** Opening Input block **

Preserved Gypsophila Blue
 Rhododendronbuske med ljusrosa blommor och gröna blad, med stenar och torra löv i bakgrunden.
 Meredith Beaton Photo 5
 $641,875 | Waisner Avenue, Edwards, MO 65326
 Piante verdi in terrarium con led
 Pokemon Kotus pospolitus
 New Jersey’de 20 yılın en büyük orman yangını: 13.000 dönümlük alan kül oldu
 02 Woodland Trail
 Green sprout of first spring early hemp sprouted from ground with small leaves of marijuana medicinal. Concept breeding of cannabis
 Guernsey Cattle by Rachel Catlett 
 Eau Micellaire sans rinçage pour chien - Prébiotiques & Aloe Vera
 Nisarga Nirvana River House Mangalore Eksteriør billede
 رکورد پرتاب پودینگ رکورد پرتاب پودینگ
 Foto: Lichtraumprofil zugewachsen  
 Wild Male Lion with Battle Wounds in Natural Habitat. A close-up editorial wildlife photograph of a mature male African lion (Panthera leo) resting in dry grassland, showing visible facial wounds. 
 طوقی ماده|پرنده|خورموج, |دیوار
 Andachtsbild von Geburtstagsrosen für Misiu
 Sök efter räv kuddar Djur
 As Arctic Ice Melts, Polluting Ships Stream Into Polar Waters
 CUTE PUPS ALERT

** Closing Input block **

## Problem description
Show all lines above holding the word "with".

## Solution for this task
 Green sprout of first spring early hemp sprouted from ground with small leaves of marijuana medicinal. Concept breeding of cannabis
 Wild Male Lion with Battle Wounds in Natural Habitat. A close-up editorial wildlife photograph of a mature male African lion (Panthera leo) resting in dry grassland, showing visible facial wounds. 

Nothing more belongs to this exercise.